Anomalous localization and duality in non-Hermitian quasiperiodic models

Abstract

Boundary conditions can have dramatic impact in non-Hermitian systems, as exemplified by the non-Hermitian skin effect. Focusing on one-dimensional non-Hermitian quasiperioidic lattices, we show that the interplay of quasiperiodicity and the non-Hermitian skin effect leads to counterintuitive localization properties. On the one hand, for Anderson localized states under the periodic boundary condition, we find that their localization features can be boundary-sensitive, which originates from the incompatibility of the periodic boundary condition with quasiperiodicity. On the other hand, for non-localized states, the well-known extended-localized duality relation can break down, as their counterparts in the dual model can also be nonlocal. We discuss how these remarkable phenomena can be engineered and analyzed from the perspective of Lyapunov exponents. Our findings shed new light on localization in non-Hermitian quasiperiodic systems.

Figures (5)

• Figure 1: Schematics of spatial profiles of eigenstates under the OBC and PBC for different sign patterns of the Lyapunov exponents. Green profiles denote non-localized states, red ones denote Anderson localized states, blue denotes boundary-localized skin modes, and yellow denotes states that are extended in one direction and localized in the other sun2025. The quantity $1/|\gamma_i|$ indicates the corresponding localization length.
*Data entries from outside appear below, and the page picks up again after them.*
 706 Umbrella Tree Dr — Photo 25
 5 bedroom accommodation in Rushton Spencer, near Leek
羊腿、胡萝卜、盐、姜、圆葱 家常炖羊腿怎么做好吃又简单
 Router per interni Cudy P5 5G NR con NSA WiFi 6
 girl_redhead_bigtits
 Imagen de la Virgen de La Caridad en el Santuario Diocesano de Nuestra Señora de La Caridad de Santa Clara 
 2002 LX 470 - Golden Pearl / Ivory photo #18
• Figure 2: (a)(b) Eigenspectra of $\hat{H}_{1}(g,0)$ under (a) PBC and (b) OBC, respectively, where the color indicates the FD of the corresponding eigenstate. The parameters are (a1)(b1) $g=0$ and (a2)(b2) $g=1$. (c) Spatial distributions of typical localized states, marked in (a2) with matching colors. (d) Spatial distributions of every tenth eigenstate in (b2). These eigenstates are all localized toward the boundary $n=1$. The system size for all calculations is $N=4181$.
• Figure 3: Spatial distributions for eigenstates of $\hat{H}_{1}(g,0)$, with $E=0.025$, and (a) $g=0.5$, (b) $g=1$, (c) $g=1.5$, (d) $g=2$. Black dots represent numerical results, and red lines denote linear fits. The numbers outside the brackets represent the localization strengths obtained from the linear fits, and those within the brackets represent the corresponding $\gamma_{3}(E)$ and $\gamma_{4}(E)$. For all calculations, the system size is $N=10946$ and the PBC is imposed.
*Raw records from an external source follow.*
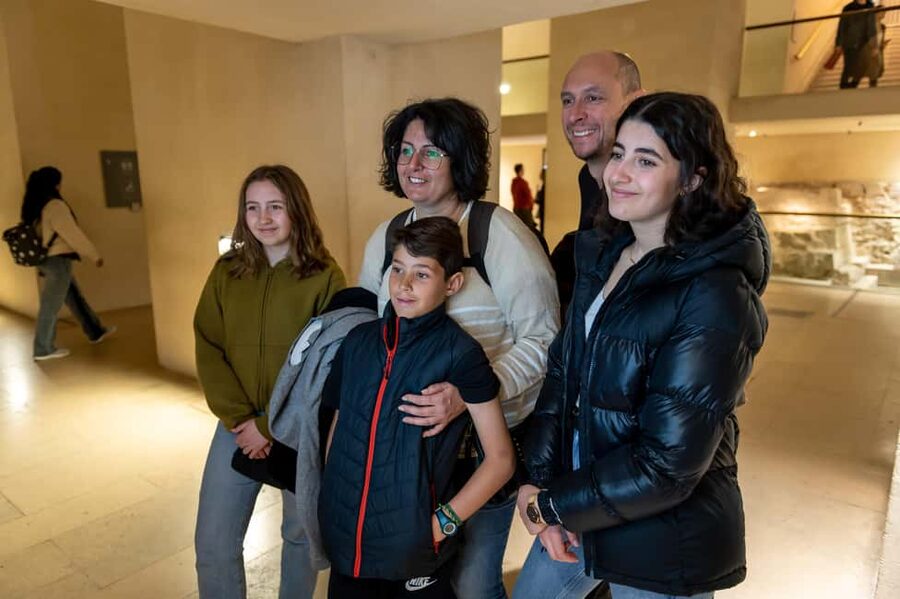 Paris: Louvre Private Family Tour for Kids + Reserved Entry - Is $294 per person a fair price?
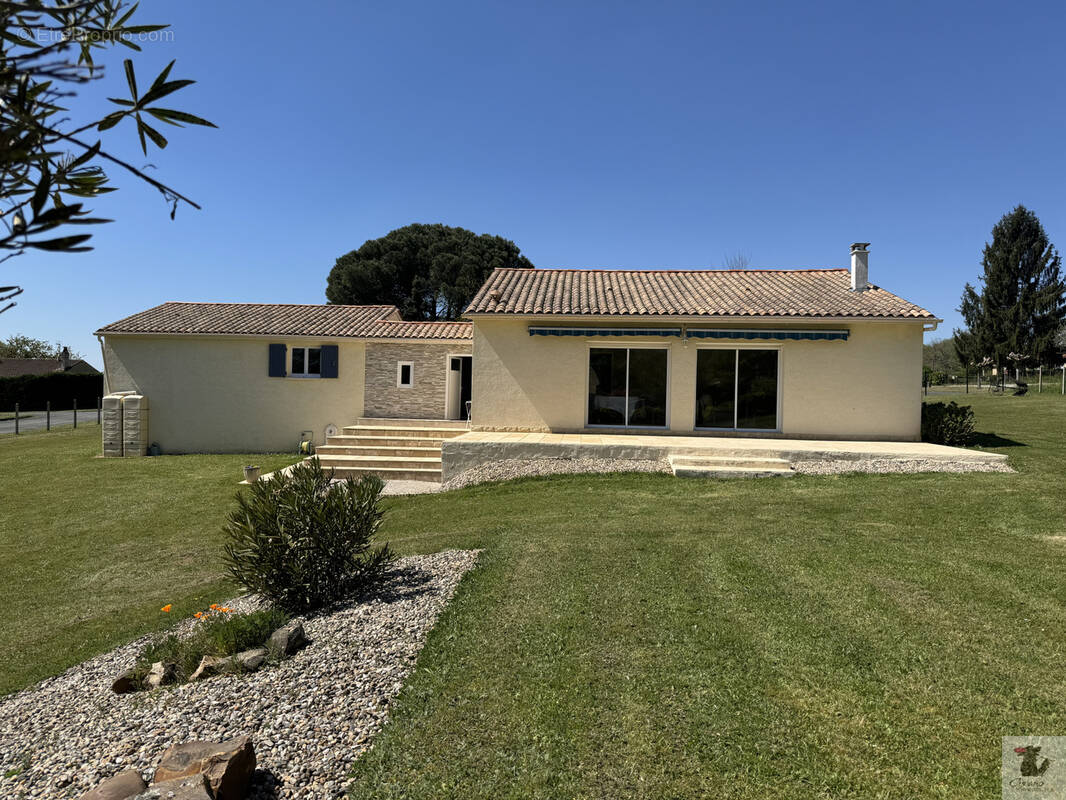 Maison à MOULEYDIER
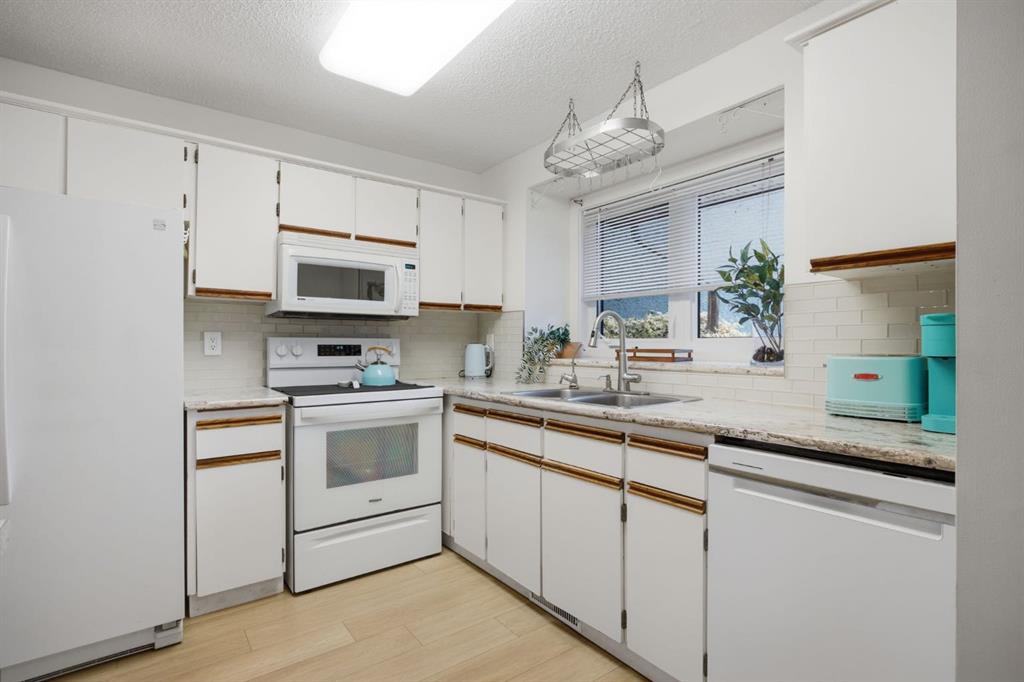 Fourth View of 103 Garson Place , Grayling Terrace, Fort McMurray, Alberta, T9J 1L1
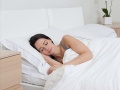拥有健康睡眠选一款“暖被”是关键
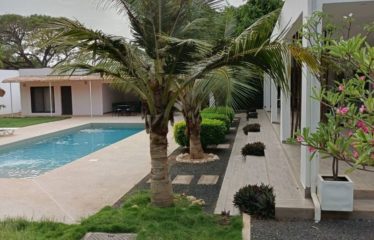 NGUERIGNE : Villa contemporaine de standing 5 chambres avec piscine à louer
• Figure 4: (a)(b) Eigenspectra of (a) $\hat{H}_{1}(1,h)$ and (b) $\hat{H}_{2}(1,h)$, respectively, under the PBC, with color contours indicating the FD of the corresponding eigenstates. The parameters are (a1)(b1) $h=0.1$, (a2)(b2) $h=0.4$, and (a3)(b3) $h=0.6$. (c1-c3)(d1-d3) Spatial distributions of the eigenstates marked by circles on the real axis in (a1–a3) and (b1–b3), respectively. The corresponding sign patterns of $\gamma_{i}(E)$ are indicated in the upper-right corners of (c)(d). For all calculations, the system size is fixed at $N=4181$ under the PBC, with the irrational number $\tau$ is approximated by $\tau_{\rm RA}=2584/4181$.
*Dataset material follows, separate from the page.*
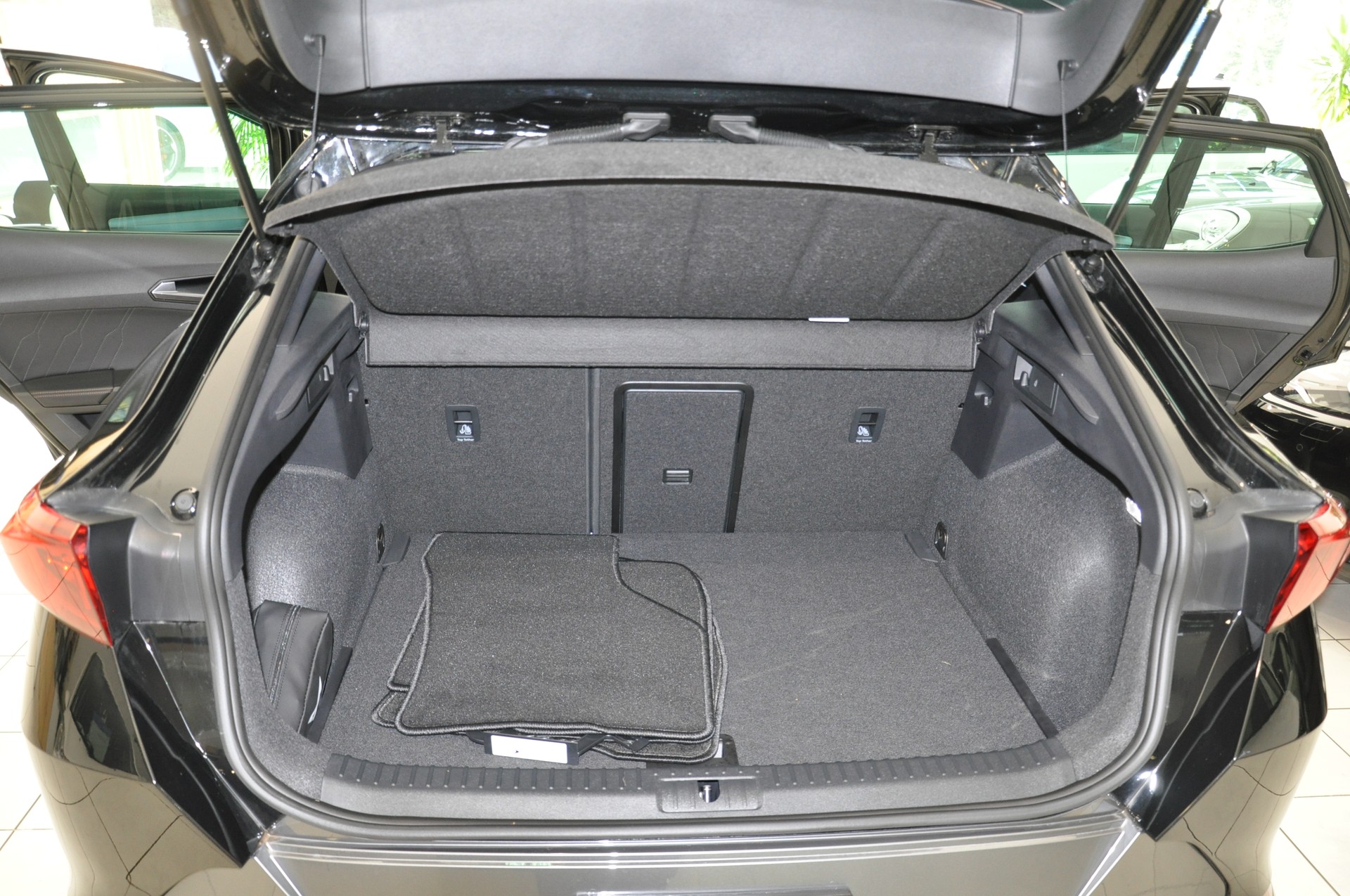 CUPRA Formentor 2.0TSI VZ 4Drive DSG-image-13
• Figure S1: (a) Lyapunov exponents of the boundary-sensitive localized states in Fig. 2(a3) of the main text, plotted as functions of the inverse logarithm of the system size, $1/\ln N$. Points of different colors correspond to $\gamma_1$ (red), $\gamma_2$ (yellow), $\gamma_3$ (green), and $\gamma_4$ (blue), respectively. Dashed lines show linear fittings for the smallest $\gamma_1$, the largest $\gamma_2$, the smallest $\gamma_3$, and the largest $\gamma_4$ for each $N$. The sign pattern $(---+)$ of the Lyapunov exponents remains unchanged with increasing system size. (b) Scaling analysis of the FD for a dual pair of eigenstates of the models $H_1$ and $H_2$, marked by circles on the real axis in Fig. 4(a3) and (b3) of the main text. Black dots are numerical results, and red lines are linear fittings. Both FDs approach $1$ as $N$ approaches inifinity, confirming that these states are extended.